{An evening with Chef Eric Ripert}

Happy Thursday everyone! Here is a recap of Tuesday night’s happenings…

Me and the boy headed over to the Jack Singer Concert Hall at about 6:40pm. We started our night by sampling various wines from around the world (sponsored by Willow Park Wines and Spirits). My favourites included a Pierre Sparr Pinot Gris Reserve (Alsace Region) – full-bodied white wine with fruit notes and the Maison Champy Chardonnay (Loire Valley Region) – a dry and aromatic wine which was lovely with a wedge of creamy camembert.

Springbank Cheese Co. had set up a station where they were serving up tastings of various types of cheeses for us to nibble on whilst we enjoyed our vino. I loved the Blackburn and the 8 yr old white chedder the best (both firm and stronger flavoured aged cheeses).

At 7:30pm, we all took our seats. We sat right in the front row to the right of the stage in the mezzanine (the perfect view!).

John Gilchrist, a local restaurant reviewer introduced the famed chef with a brief story about how he had met Eric in the Cayman islands 2 weeks ago. He also mentioned how he took Ripert to two of the top rated restaurants in Calgary to give him a taste of what our city has to offer. They went to Rouge for dinner the night before and Charcut for lunch the next day, both of which Ripert enjoyed (he even tweeted about it!)

When Chef Ripert took the stage, he gave an hour-long lecture about how he started his career in the culinary arts at the young age of 15 to his future plans for Le Bernardin and everything in between.

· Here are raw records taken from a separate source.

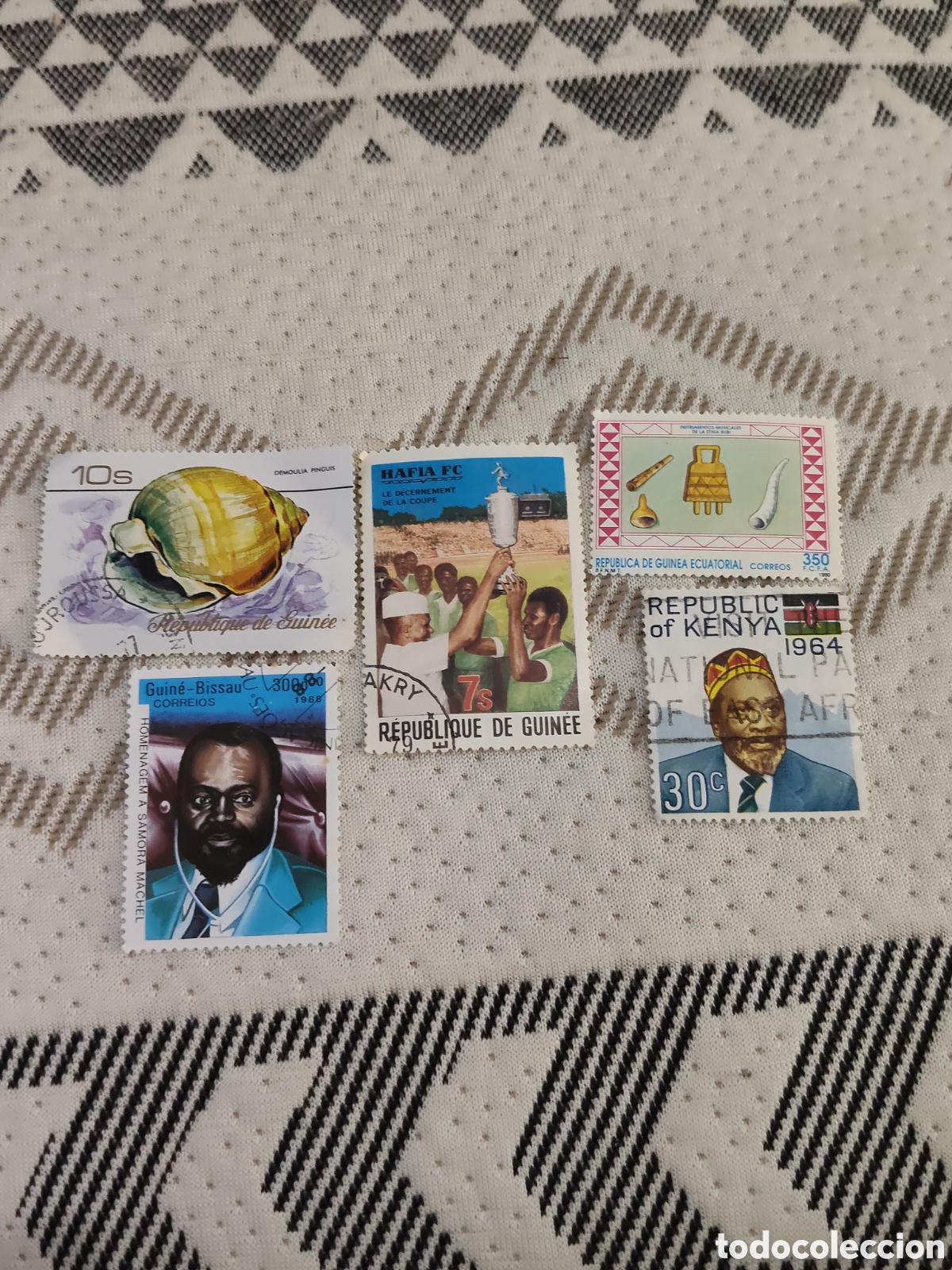 Sellos: 5 sellos de pa&iacute;ses africanos variados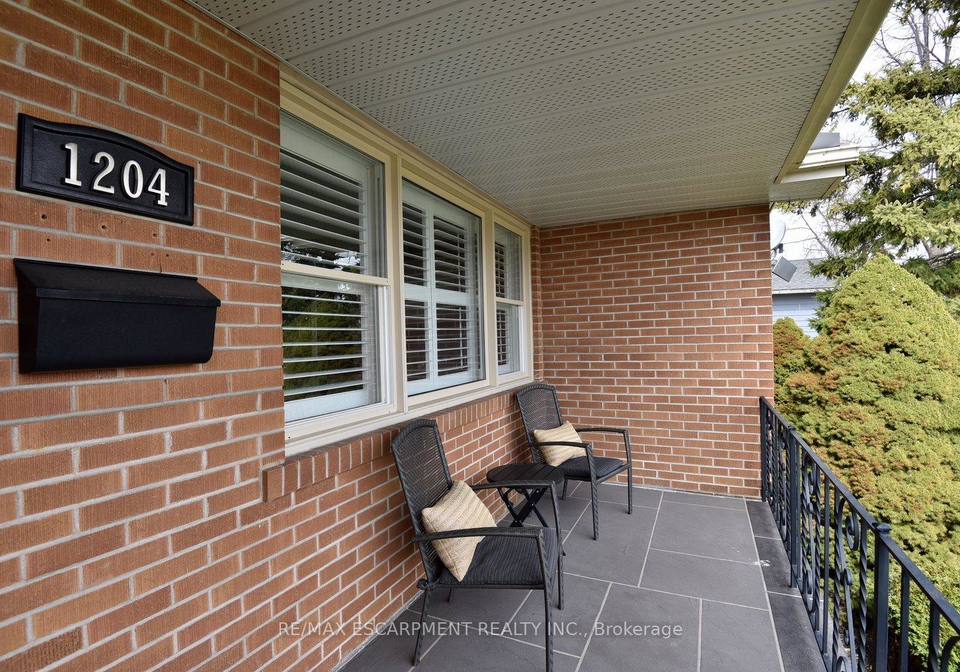 1204-tavistock-drive-burlington-ontario-w12483415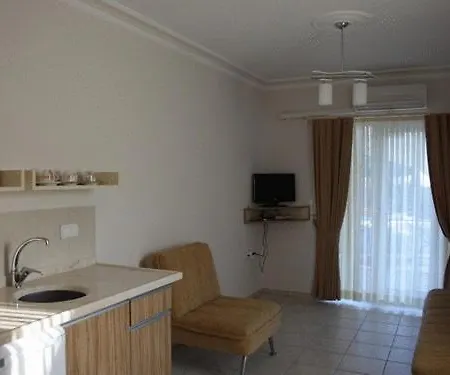 Vira Hotel de apartamente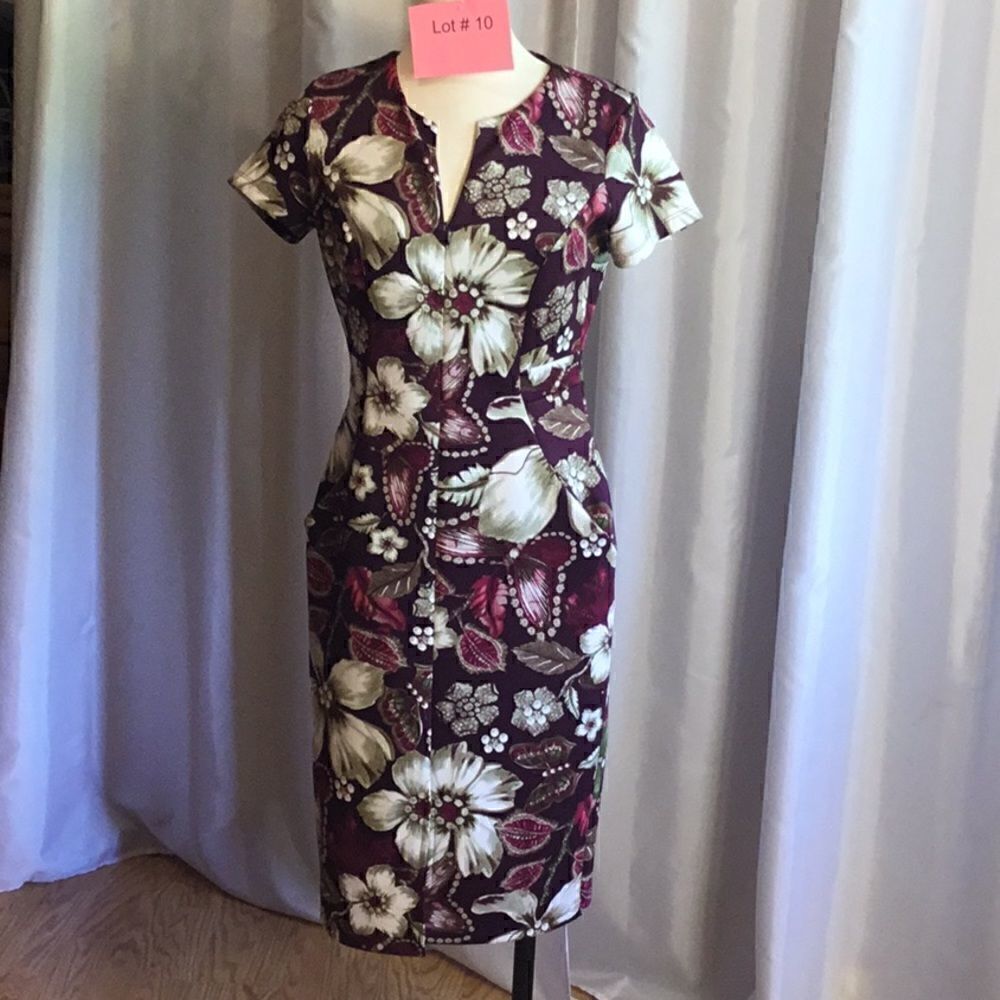 Beautiful fall dress with front zipper, skirt pockets in size 8 by ENFOCUS - Picture 2 of 13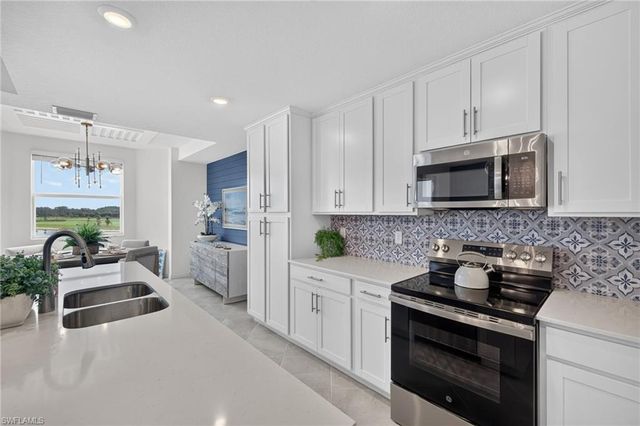 15405 GREEN ACRES AVE 2332, Punta Gorda, FL 33982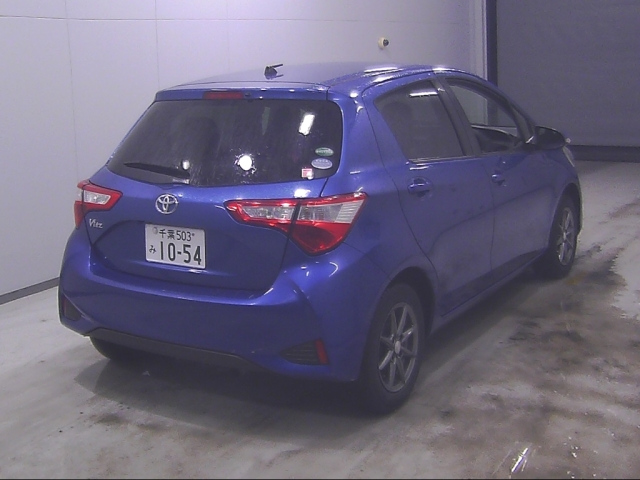 TOYOTA VITZ 2017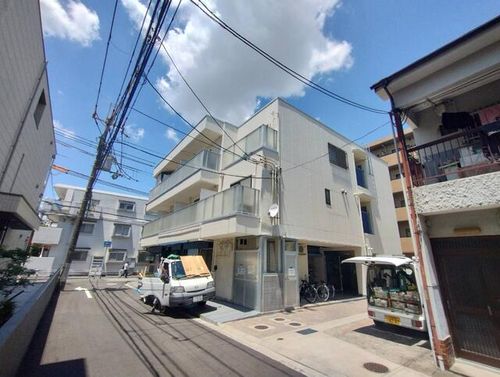 東園田マンションの外観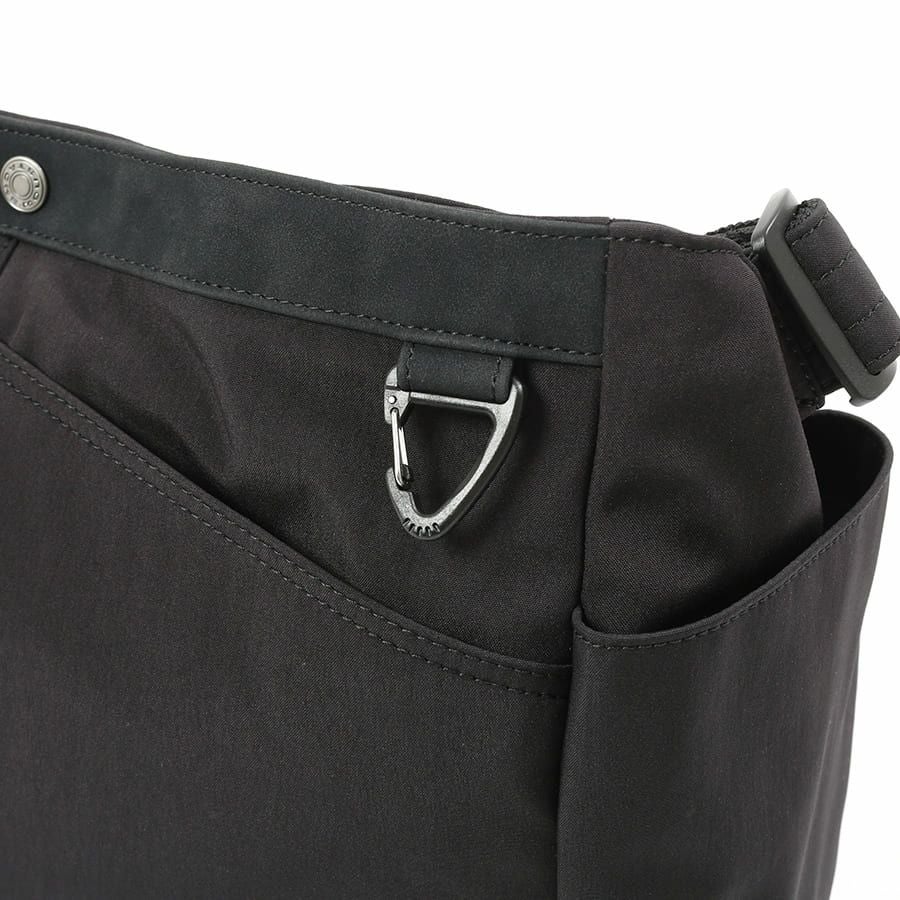 MOUSTACHE ショルダーバッグ ナイロン×ベロア調合皮 JVJ-4111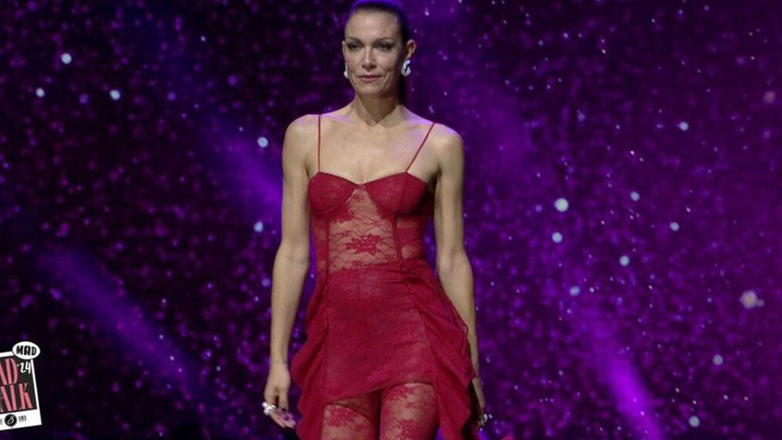 Βίκυ Καγιά: Δείτε όλα τα ρούχα που έβαλε στο MadWalk 2024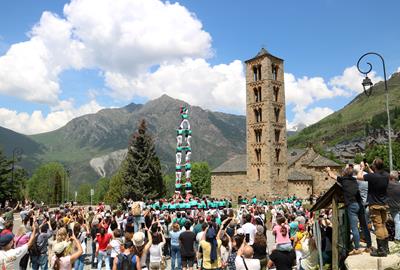 Els castellers de Vilafranca uneixen tradició i patrimoni en una actuació insòlita al conjunt romànic de la Vall de Boí. ACN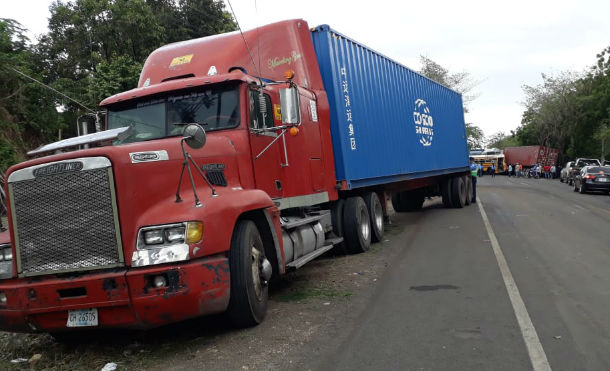 Once lesionados entre ellos tres graves al impactar bus matagalpino contra un furgón en León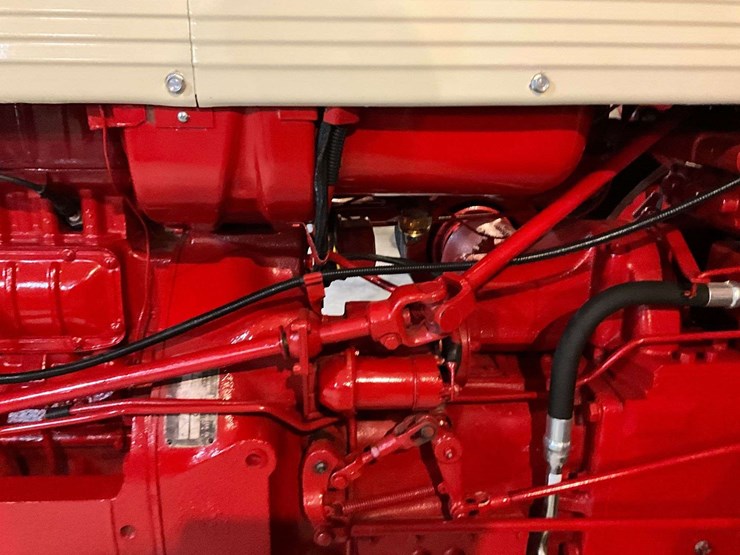 1961-farmall-560-image-11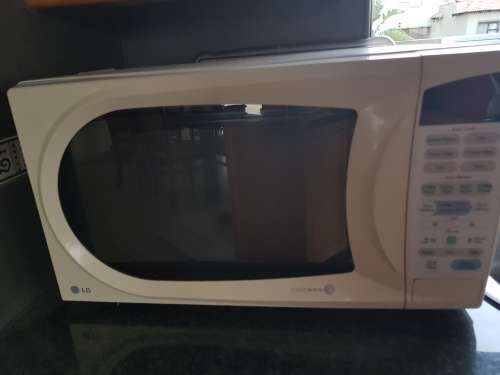 LG Intellowave Microwave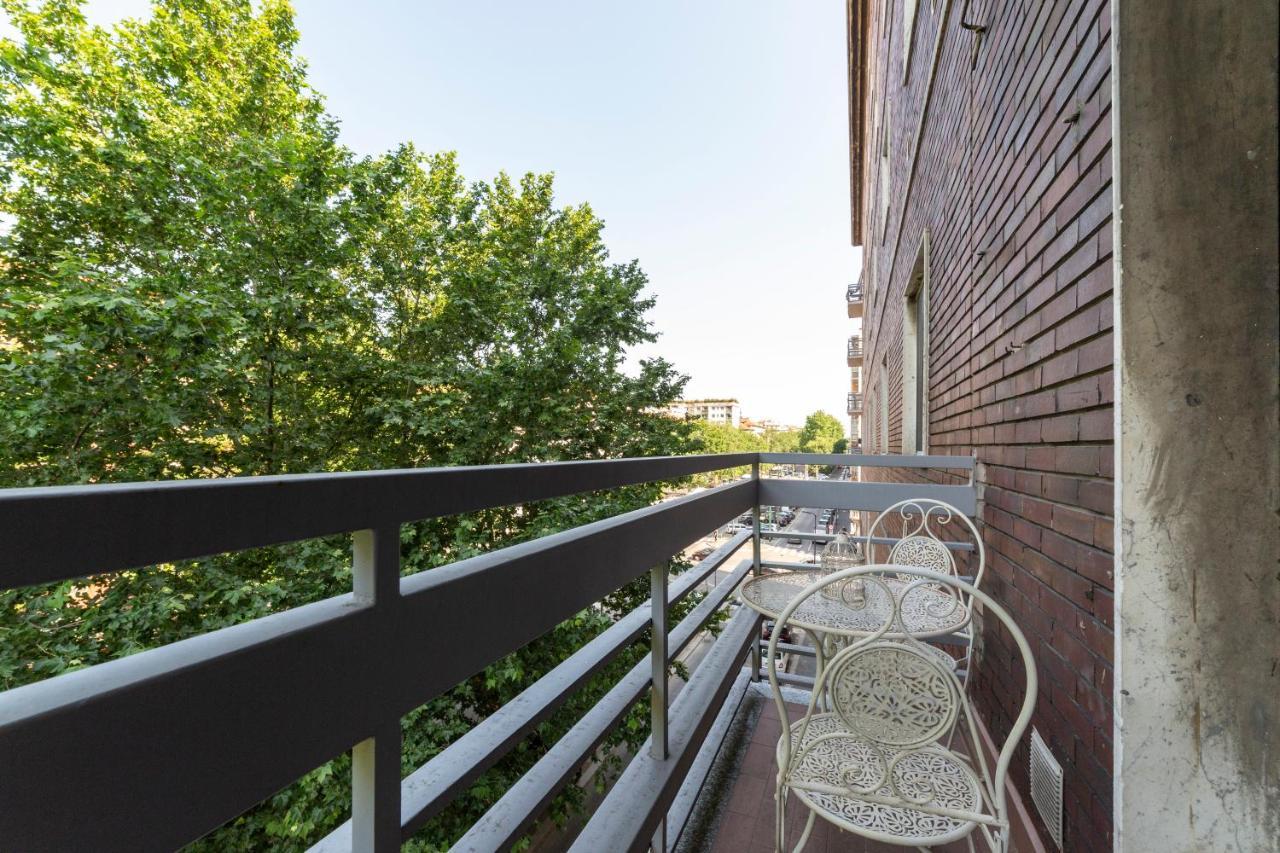 Milano Calvairate Balcony Apt Exterior foto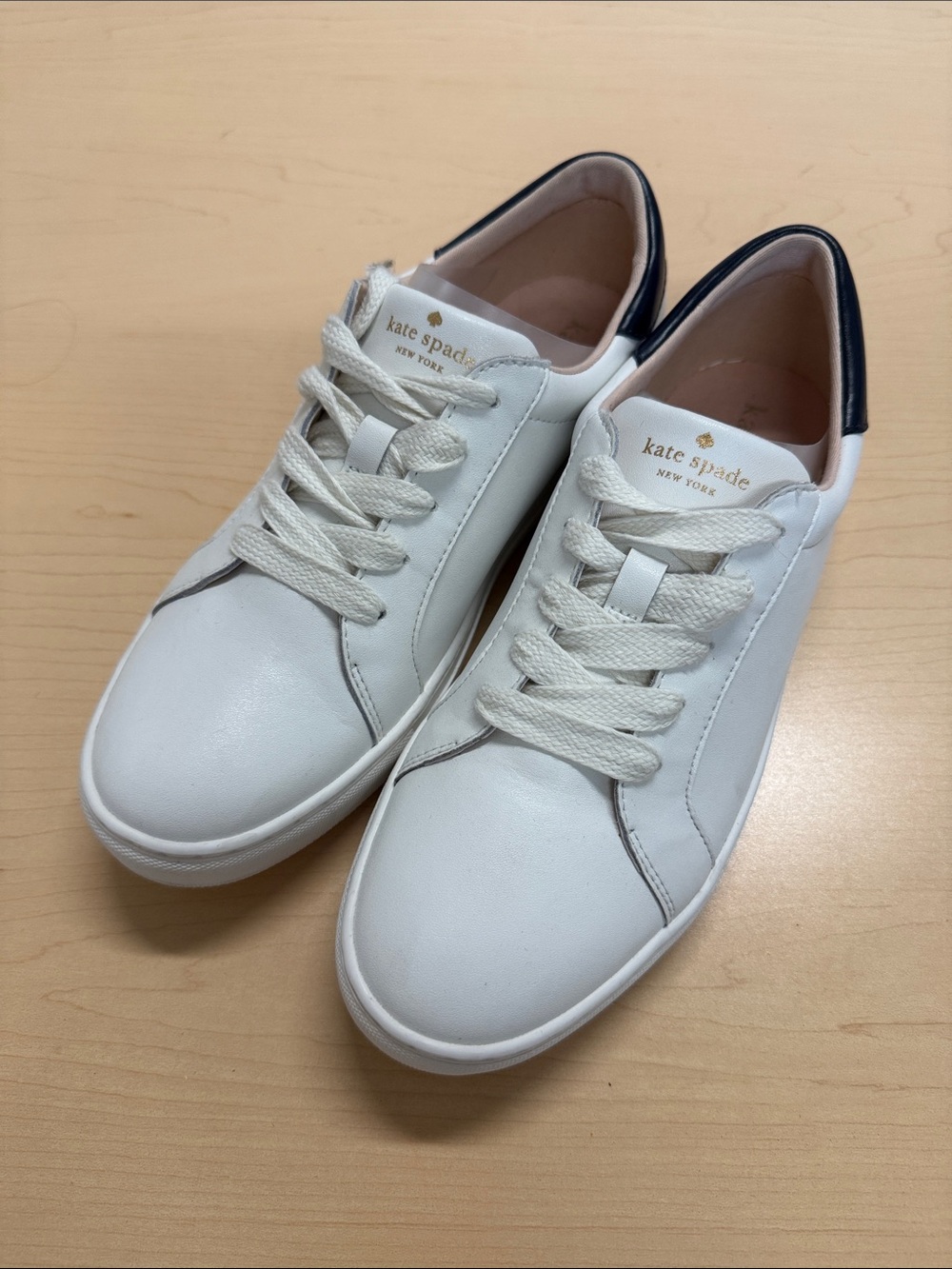 Kate Spade Alanna White Leather Sneakers Navy Accent Excellent Condition 8.5 - Picture 7 of 15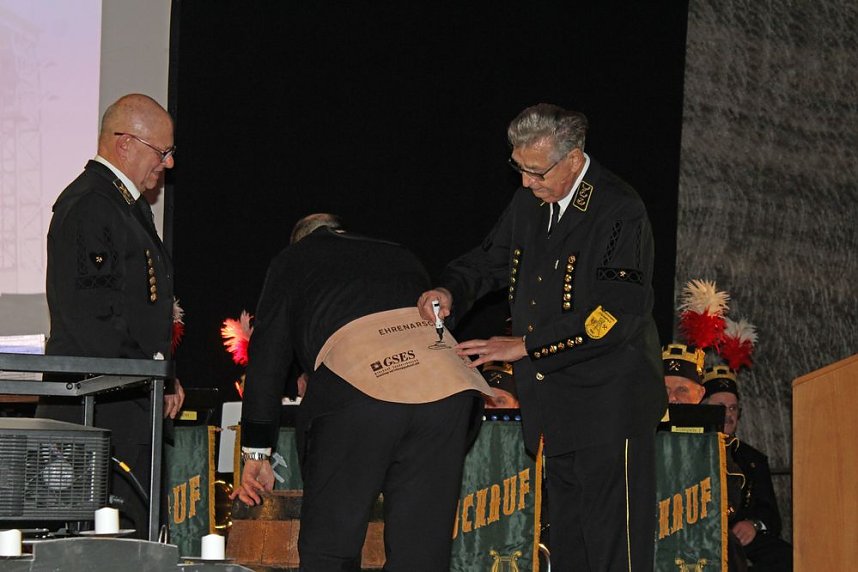 Ehrenarschleder zwei Mal verliehen.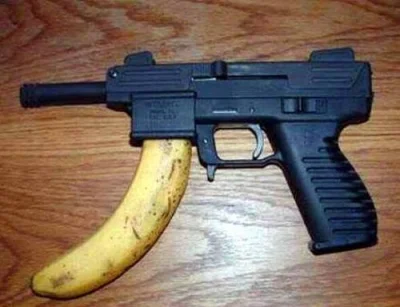 barytosz - był banana phone to teraz coś takiego



#humor #gunboners #bananboners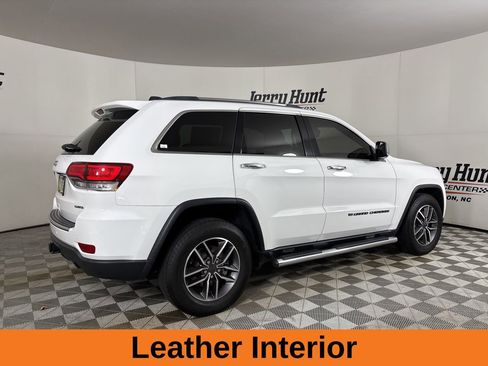 Used 2022 Jeep Grand Cherokee Limited image 5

He discussed his “terror” years working under the infamous Joel Robuchon where he learned his military-like discipline to the opposite side of the spectrum where he worked as sous chef under Jean Louis Palladin, where he was encouraged express creativity in his dishes.

By the time he was 29, he was awarded a four-star rating from the New York Times, then in 2006, he received the coveted 3 Michelin star rating for his culinary excellence at Le Bernardin.

Ripert also explained the lengthy process that goes into creating his menu (one item took 20 years for him to perfect!), and the importance of keeping his employees happy as a key to the success of his restaurant.

The part that really interested me was his future plans on making Le Bernardin completely sustainable within the next couple years. He is a firm believer in using the highest quality organic produce whenever possible in his dishes while making sure we do not deplete our natural resources.

He is also chair of City Harvest’s Food Council, which organizes trucks to collect any leftover unused ingredients from restaurants around NYC to help feed the homeless.

Overall, this was an AMAZING evening. After the Q&A session, we made our way upstairs to a private area for the book signing while enjoying more vino and tasty apps provided by the Cookbook Cooks Co.

I was so nervous when I finally met Chef Ripert, but I managed to utter how impressed we were with our dining experience at Le Bernardin on our NYC trip a couple of years ago. Can you tell how happy I am in the picture? I don’t think I could smile any bigger! haha

This will go next to my Michael Smith signed cookbook on the ol’ shelf 🙂 If you haven’t got this one in your collection, I encourage you to check it out. Avec Eric is beautifully laid out and filled with recipes inspired by his travels around the world.

*Fun fact: One audience member asked Chef Ripert “What would your last meal be?” Answer: Shaved black truffles on toast with a drizzle of good olive oil and a nice bottle of Bordeaux.

Comments
4 Responses to “{An evening with Chef Eric Ripert}”
  1. Tatiana says:

    Lucky duck… sigh. I’ve never been to NY, nor one of his restaurants, so of course I’m dying to go.